What does that word mean? The meaning is to look back. I won’t go into the meaning of that word for the moment. Is respect part of love? Or if there is love, nothing else matters. In love there is generosity. There is sympathy and pity, but pity is not love; sympathy is not love. So have I love in my being when I talk of love to him, or is it just a word?

You understand what I am saying? Are you interested in this? Or you want to reach Nirvana? (Laughter) Don’t you see, please, unless we lay the foundation in our lives, we can’t go very far. You may sit endlessly in a certain posture, meditate. There used to be a man in India who meditated for twenty-five years, day after day, day after day. He came to see us one day and you couldn’t talk to him sanely about anything because he was still meditating. (Laughter)
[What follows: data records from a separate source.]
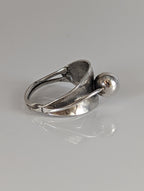 Silver Steed One Round Bud Ring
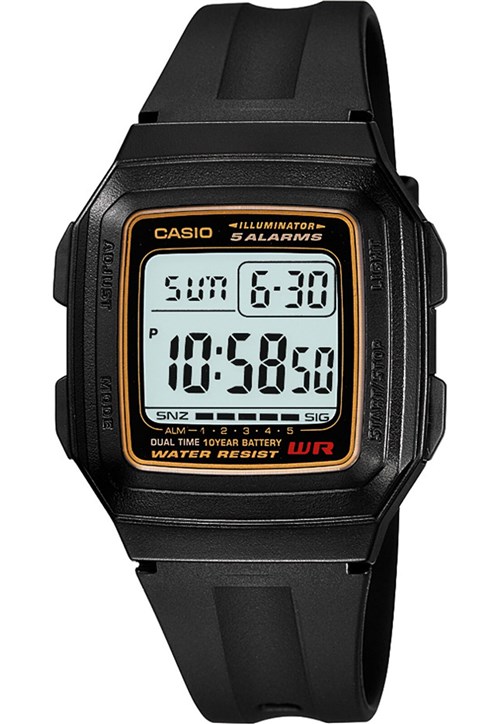 Relógio Casio F-201WA-9ADF Preto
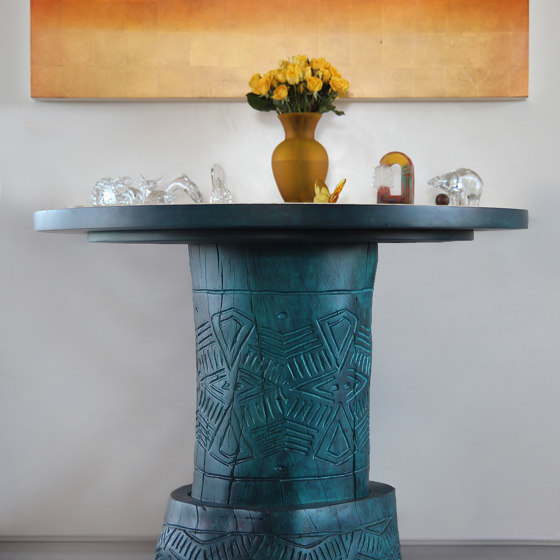 Kota Hand Carved Bistro Table | Tables de bistrot | Pfeifer Studio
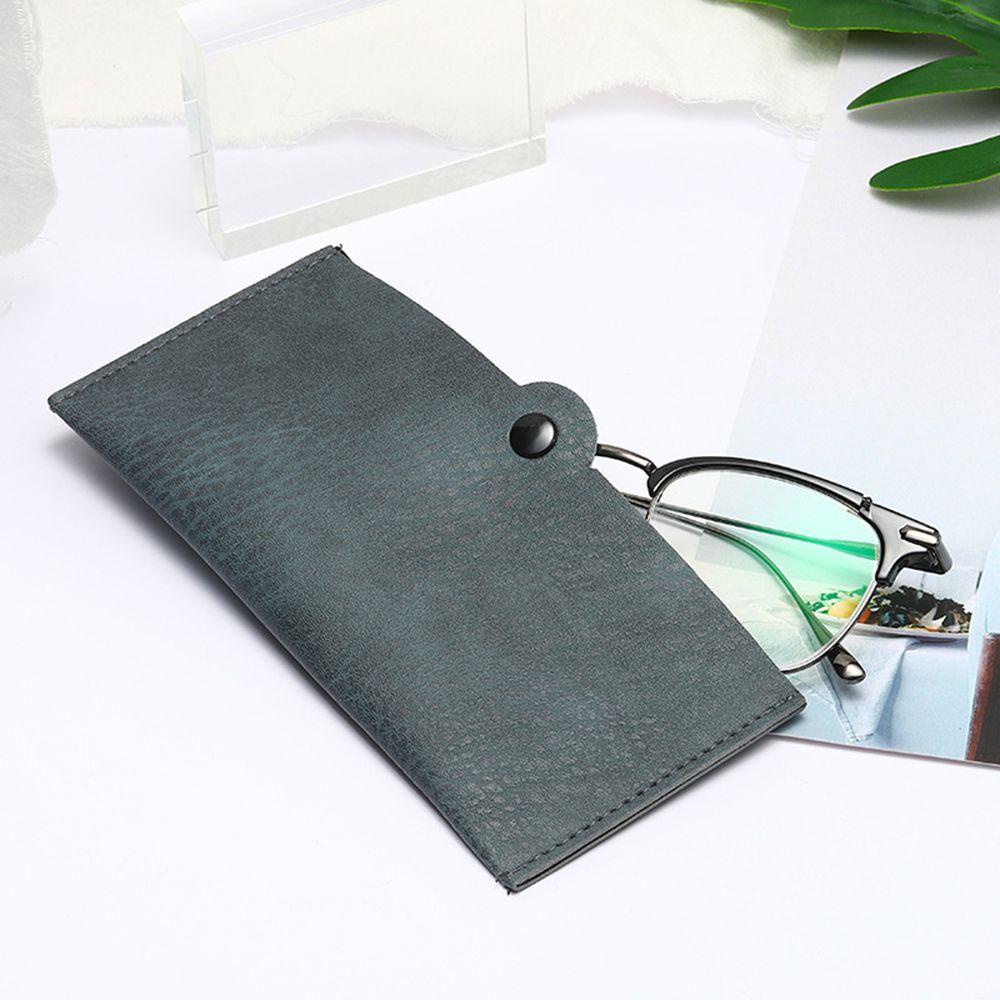 Hộp Đựng Mắt Kính Bằng Da PU Đơn Giản Có Khóa Cài Tiện Dụng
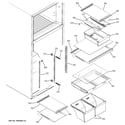 GE GTS18IBRWRWW fresh food shelves diagram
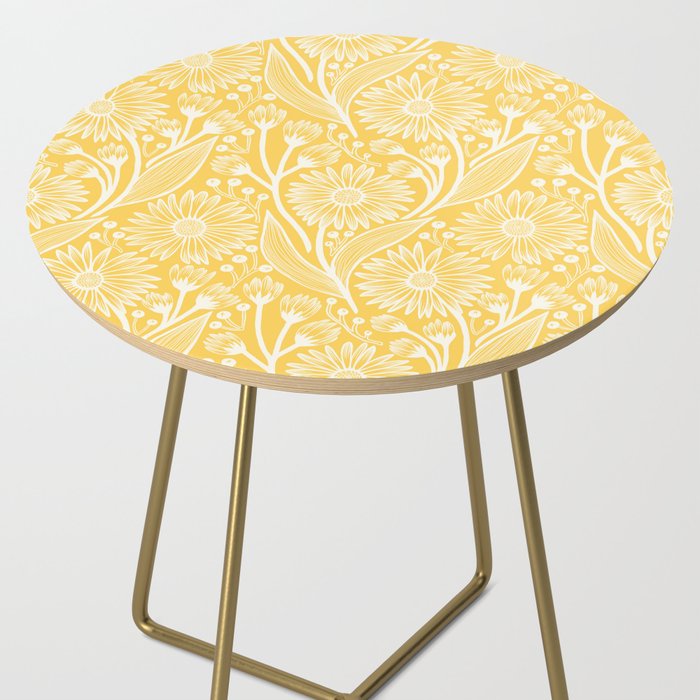 Sunshine Yellow Coneflowers Side Table Gallery Image 2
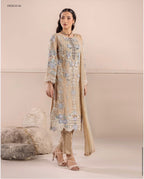 THREADS-3 piece Embroidered Chiffon Suit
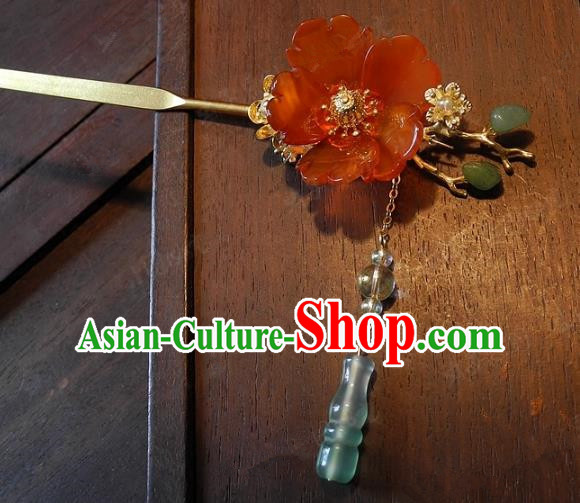 Chinese Handmade Classical Hairpins Ancient Hanfu Headdress Hair Accessories Hair Stick for Women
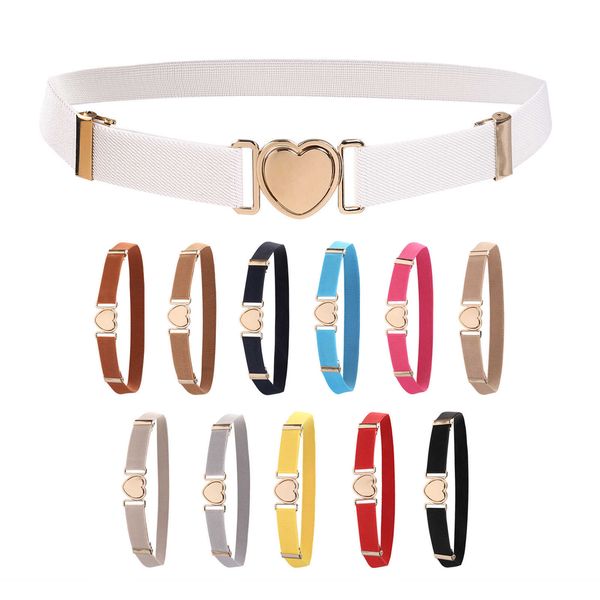 mix wholesale children stretch multicolor adjustable elastic girl boy waist belts with heart shape buckle for uniform dress pants, Black
mix wholesale children stretch multicolor adjustable elastic girl boy waist belts with heart shape buckle for uniform dress pants, Black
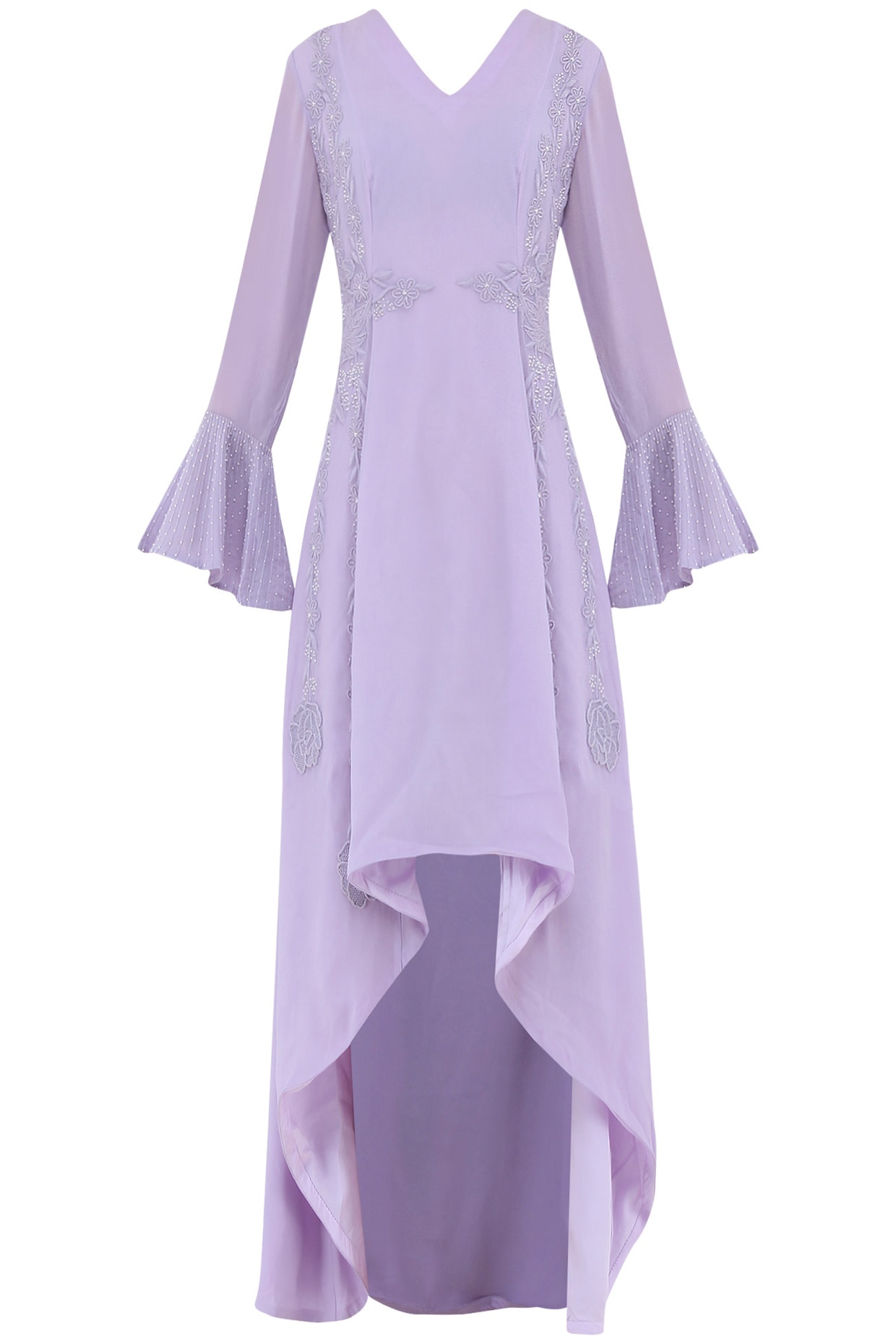 pastel purple dress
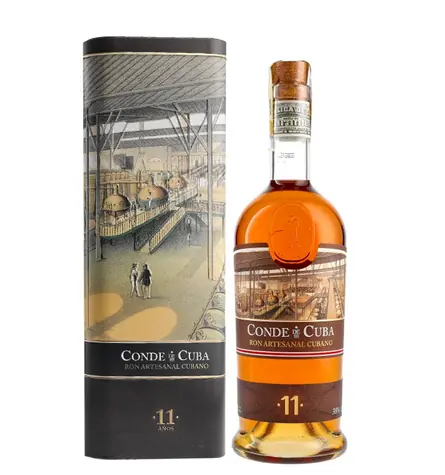 Conde de Cuba 11 38% 0,7l v plechové tubě
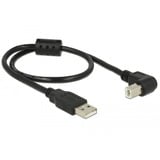 DeLOCK 0.5m, USB 2.0-A / USB 2.0-B cable USB 0,5 m USB A USB B Negro negro, USB 2.0-A / USB 2.0-B, 0,5 m, USB A, USB B, USB 2.0, Macho/Macho, Negro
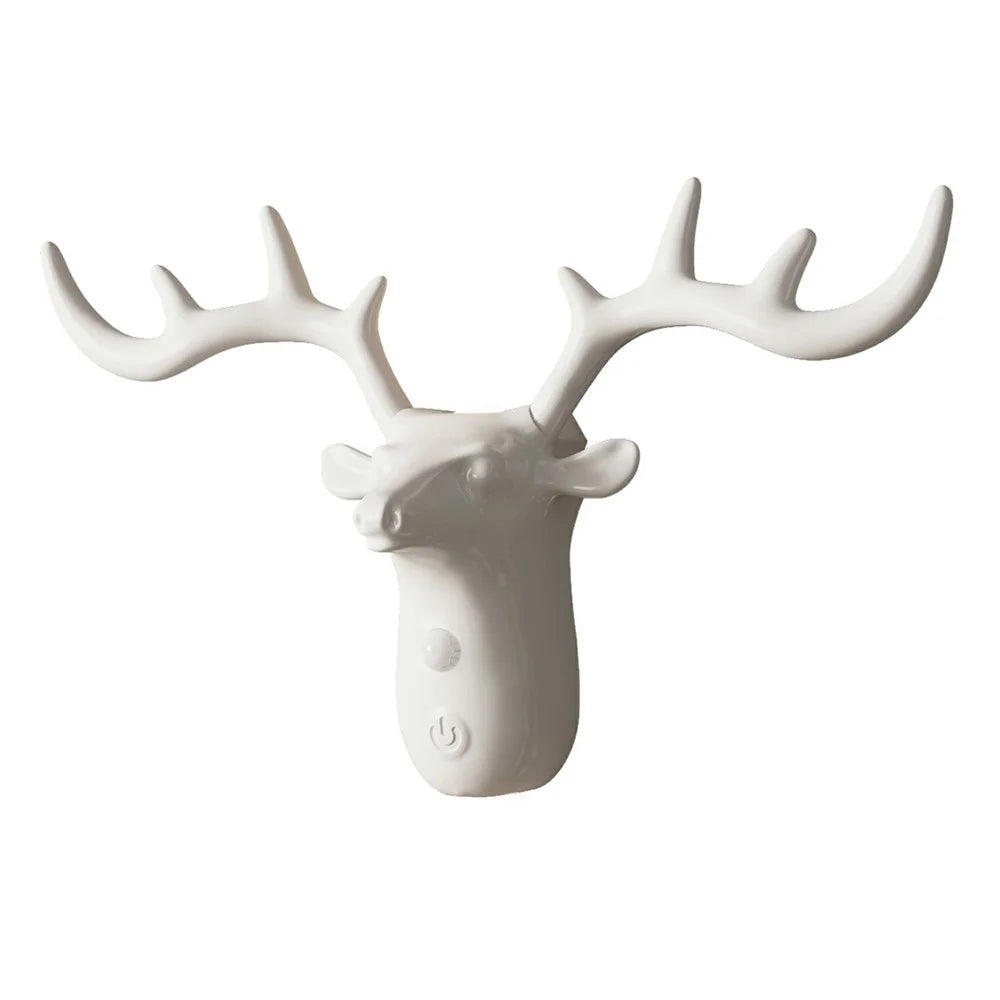 DSW001 Standard Version Deer Shape Touch LED Night Light Motion Sensor 3 Colors Dimming Magnetic Wall Lamp - White - 1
So do we love anything at all? Do you love your wife or husband, or your girlfriend or whatever it is? Please, do you? If you loved your children you would stop all wars. If every parent in the world loved their children, do you know what would happen naturally? You wouldn’t allow anybody to kill him or him to kill others. But our governments all over the world are based on power, position and status, and therefore to protect all that, guns. You know all the rest, I don’t have to go into all that.

So right education seems to be – I am not saying this, it is for you to find out – right education seems to be not only to have an academic training so it will be excellent in that direction, but also to be a good whole human being, unfragmented, not broken-up and contradictory, living in a battle with himself and with others. That requires a great deal of inquiry into the psyche, not according to Jung or Freud, or somebody including that of the speaker, but to watch one’s own responses, one’s own actions, one’s own behaviour. And out of that comes an extraordinary sense of freedom. And freedom, that word, has its root meaning in love.